Key Design 3: Three Plan-then-Execute VLA Variants¶

Variant	Architecture	Intermediate Representation Usage
IC-E2E	VLM as feature extractor for Executor	Implicit (via pretrained weights)
EC-E2E	VLM jointly generates intermediate representations and actions	Explicit (joint optimization of CoT + action)
Modular	Planner and Executor decoupled	Explicit (Planner output → Executor conditioning)

The Executor adopts a Qwen2.5-VL backbone + DiT action head + information aggregator (compressing all token hidden states into a controllable-length conditioning feature).

Key Experimental Results¶

Main Results: VLM Capability Evaluation on Third-Party Benchmarks¶

Model	Where2Place ↑	RoboRefIt ↑	RoboVQA ↑	RefCOCOg ↑
QwenVL2.5-7B	18.9%	75.8%	38.4	87.2%
RoboBrain-2.0-7B	63.6%	8.8%	31.6	62.9%
RoboInter-Qwen-7B	65.8%	85.6%	74.4	88.4%
RoboInter-LLaVAOV-7B	66.3%	89.3%	74.5	87.3%

RoboInter-VLM substantially outperforms baselines across all embodied benchmarks while maintaining stable general-purpose capabilities (TextVQA 83.0, MME 2281).

Open-Loop Executor Evaluation¶

Method	OLS@0.1	OLS@0.05	OLS@0.01	mOLS
Vanilla	0.6793	0.3608	0.0189	0.3086
IC-E2E	0.6984	0.3810	0.0204	0.3218
EC-E2E	0.7049	0.3930	0.0314	0.3340
Te-Modular	0.7124	0.4133	0.0584	0.3543
Oracle+Executor	0.7511	0.4640	0.0587	0.3861

Te-Modular (textual F-CoT + modular architecture) achieves the best results among learned methods, demonstrating that decoupling planning and execution allows each component to specialize more effectively.

Ablation Study: Contribution of Intermediate Representation Types¶

Intermediate Representation Combination	mOLS
Vanilla (no intermediate representation)	0.3086
+ Subtask	0.3146
+ Subtask + Primitive Skill	0.3159
+ ... + Object Box	0.3289
+ ... + Gripper Box	0.3391
+ ... + Affordance	0.3435
+ ... + Trace	0.3861

Coarse-grained representations (Subtask, Skill) yield marginal gains, spatially precise signals (Object Box, Affordance) contribute significantly, and Trace provides the largest gain (dense temporal information directly constraining action generation).

Real-World Closed-Loop Evaluation¶

Model	ID Avg. Success	OOD Avg.

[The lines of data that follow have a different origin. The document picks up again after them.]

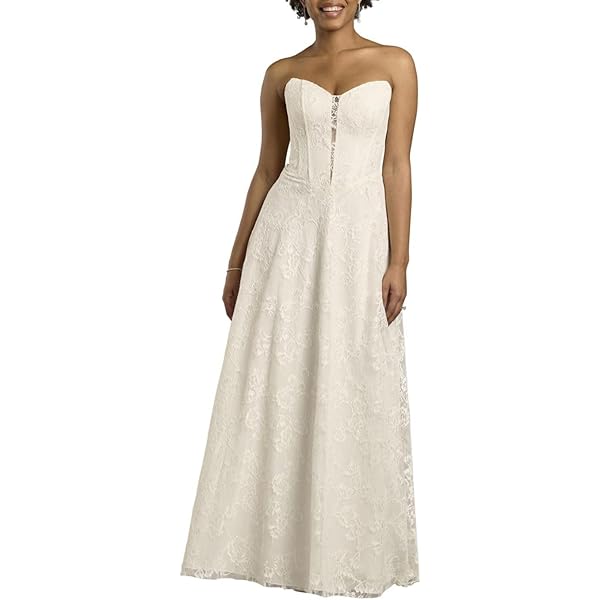 David's Bridal Drop Waist Satin A-Line Wedding Dress, Women's Size 0, Soft  White at Amazon Women's Clothing store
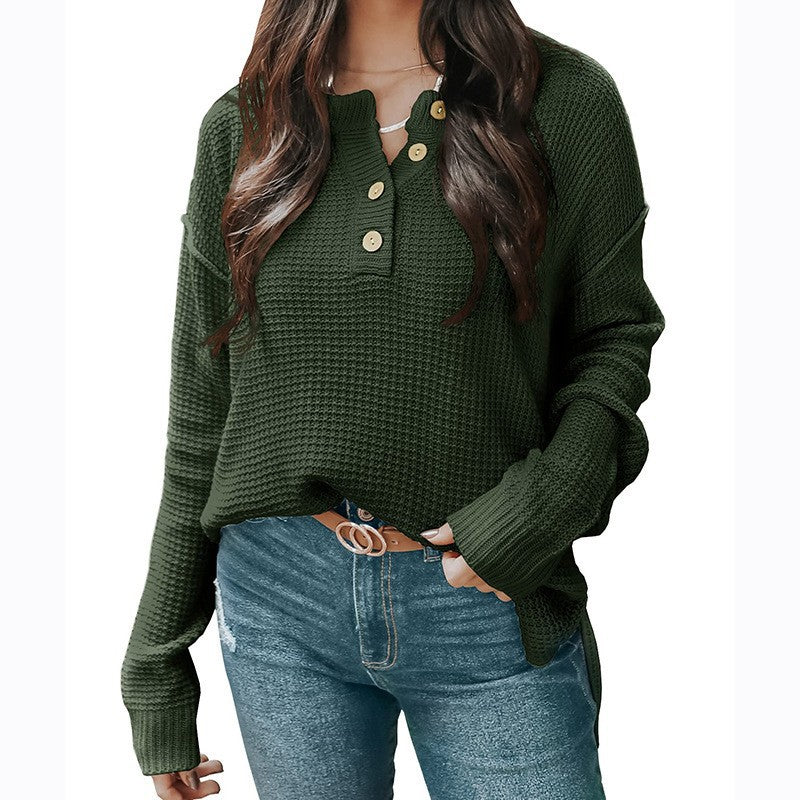 Pull oversized décontracté pour femmes avec patte de boutons et matière texturée Chic und Stil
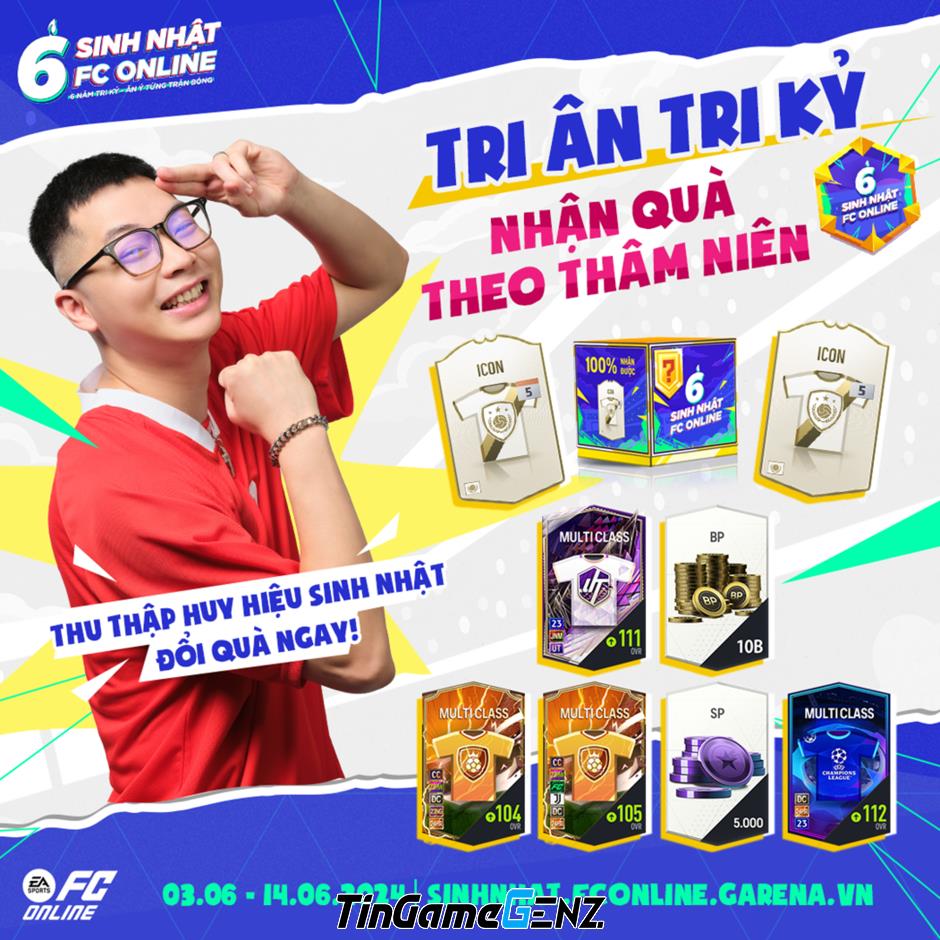 FC Online tổ chức đợt ăn mừng sinh nhật 6 tuổi với nhiều phần thưởng hấp dẫn.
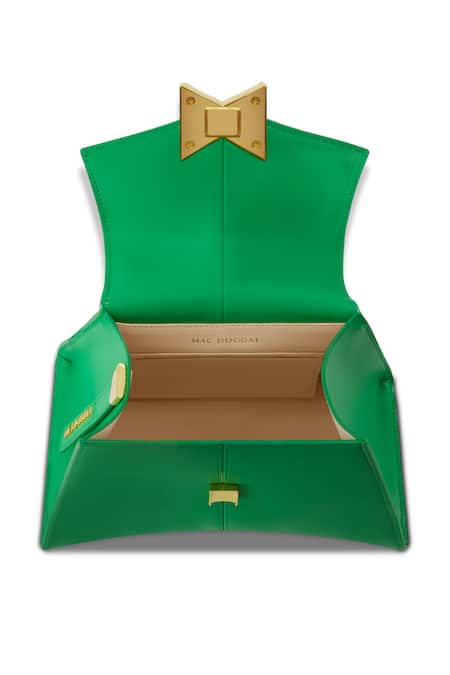 Shop_Mac Duggal_Green Leather Small Angular Bag _Online_at_Aza_Fashions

Success	ID→OOD Drop
OpenVLA	45.0%	23.3%	21.7%
π₀	63.3%	45.0%	18.3%
Vanilla	65.0%	38.3%	26.7%
IC-E2E	77.3%	58.3%	19.0%
EC-E2E	68.3%	60.0%	8.3%

EC-E2E achieves the best OOD performance with the smallest degradation (only 8.3%), demonstrating that explicit intermediate representation reasoning provides stronger generalization robustness.

Highlights & Insights¶

Strengths¶

Exceptional systematicity: From annotation tooling to data to benchmarks to model frameworks, the suite provides an all-in-one infrastructure for intermediate representation research.
Substantial scale: 230K episodes + 571 scenes + 61M frames of grounding annotations, far exceeding prior work.
Comprehensive experimentation: Full coverage of open-loop, closed-loop, cross-platform, SimplerEnv, and ablation evaluations.
Deep insights: Systematic validation of the effects of intermediate representation granularity and architectural design choices (modular vs. end-to-end) on performance.

Limitations & Future Work¶

VQA data is generated from templates and reassembled annotations, limiting diversity to the design space of annotation templates.
Real-world experiments cover only 4 tasks; generalization to more complex, long-horizon tasks remains unexplored.
The modular Planner incurs high inference latency (~2.4s), requiring engineering optimizations such as asynchronous inference for practical deployment.

Rating¶

⭐⭐⭐⭐⭐

RoboInter represents a milestone in robotic intermediate representation research. It not only provides the largest and most diverse multi-type intermediate representation dataset to date, but also establishes a complete experimental platform for the plan-then-execute paradigm through systematic VQA benchmark and VLA framework design. The ablation study clearly reveals a value hierarchy of intermediate representations—Trace > Affordance > Object Box > Subtask—an insight of significant guidance value for future embodied AI research.